▶ _What this task involves_
Reproduce the listing below character for character; drop every image.

▶ _Material for the task_

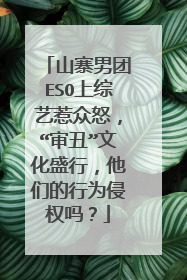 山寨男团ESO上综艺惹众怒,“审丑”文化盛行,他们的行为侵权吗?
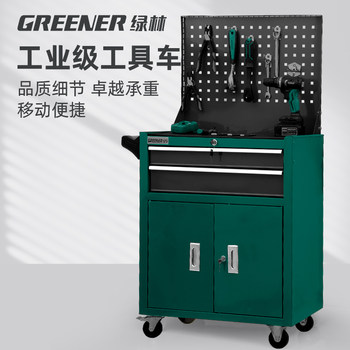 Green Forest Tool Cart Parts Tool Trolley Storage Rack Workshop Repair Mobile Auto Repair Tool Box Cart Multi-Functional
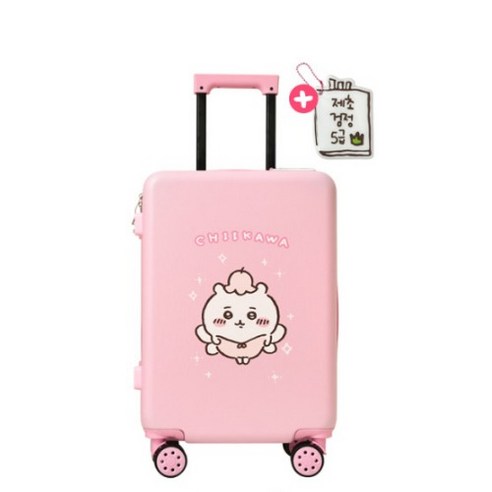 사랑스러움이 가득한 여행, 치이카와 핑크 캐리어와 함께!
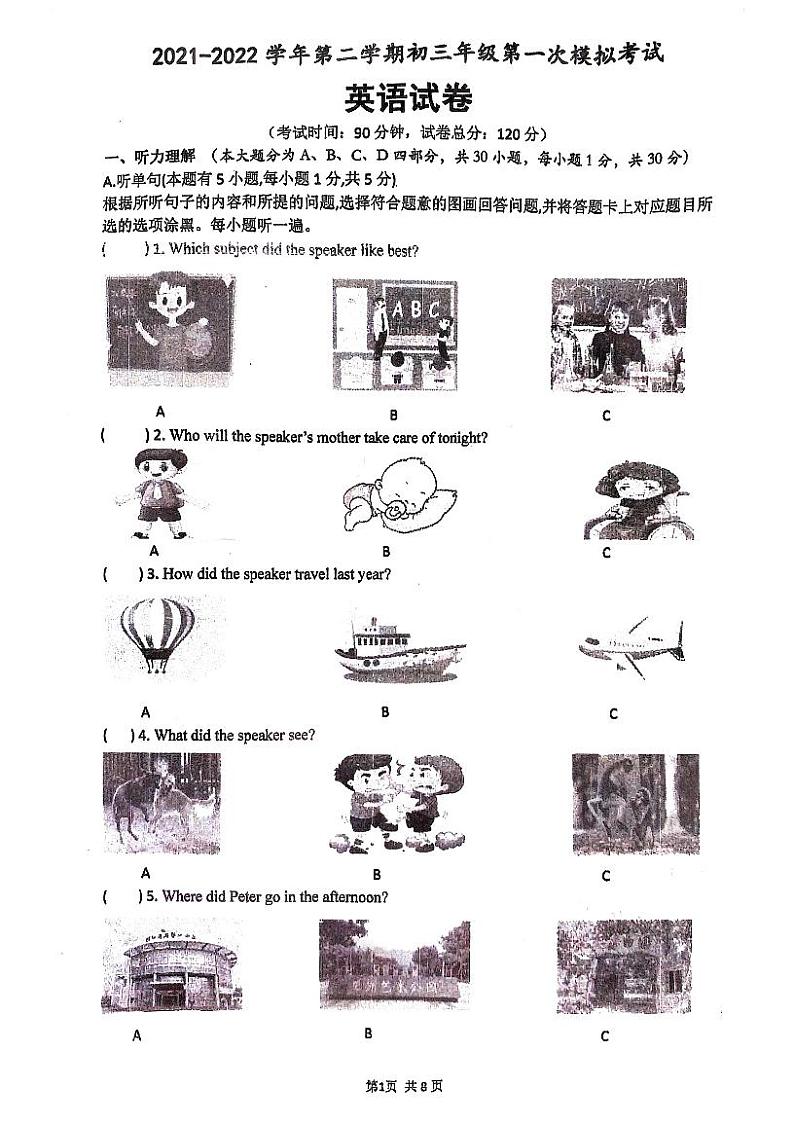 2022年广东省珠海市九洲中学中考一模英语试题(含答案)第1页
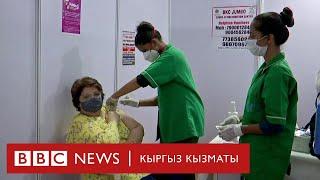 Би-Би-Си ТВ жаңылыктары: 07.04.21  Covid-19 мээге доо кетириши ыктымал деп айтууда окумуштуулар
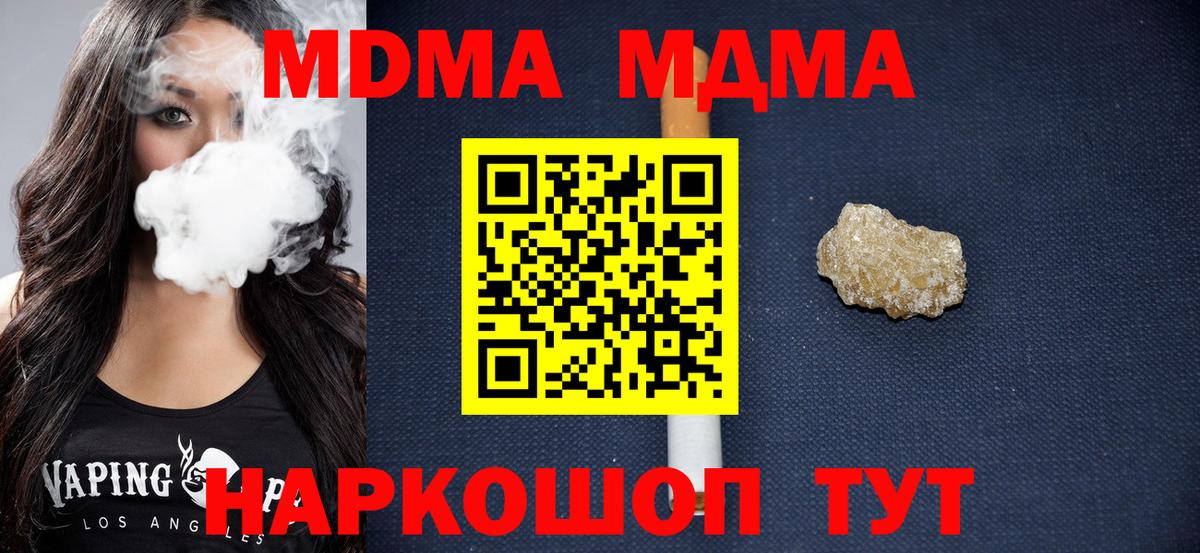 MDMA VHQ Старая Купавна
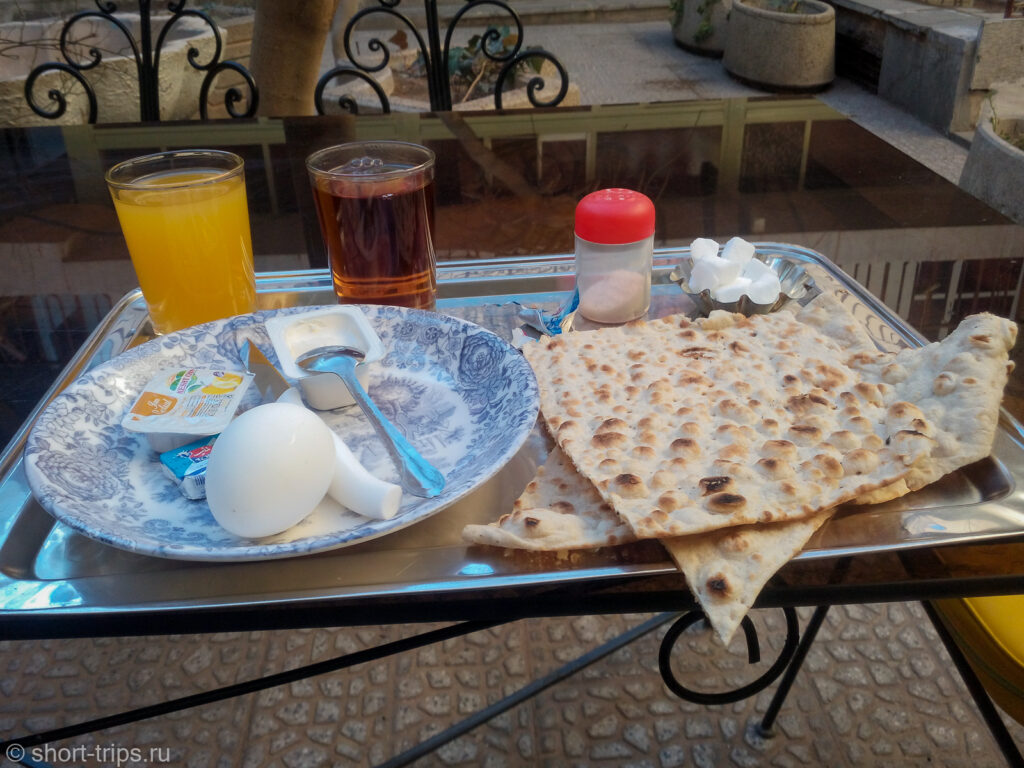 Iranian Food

▶ _Result of the exercise_
 山寨男团ESO上综艺惹众怒,“审丑”文化盛行,他们的行为侵权吗?
 Green Forest Tool Cart Parts Tool Trolley Storage Rack Workshop Repair Mobile Auto Repair Tool Box Cart Multi-Functional
 사랑스러움이 가득한 여행, 치이카와 핑크 캐리어와 함께!
 2022年广东省珠海市九洲中学中考一模英语试题(含答案)第1页
 Би-Би-Си ТВ жаңылыктары: 07.04.21  Covid-19 мээге доо кетириши ыктымал деп айтууда окумуштуулар
 MDMA VHQ Старая Купавна
 Iranian Food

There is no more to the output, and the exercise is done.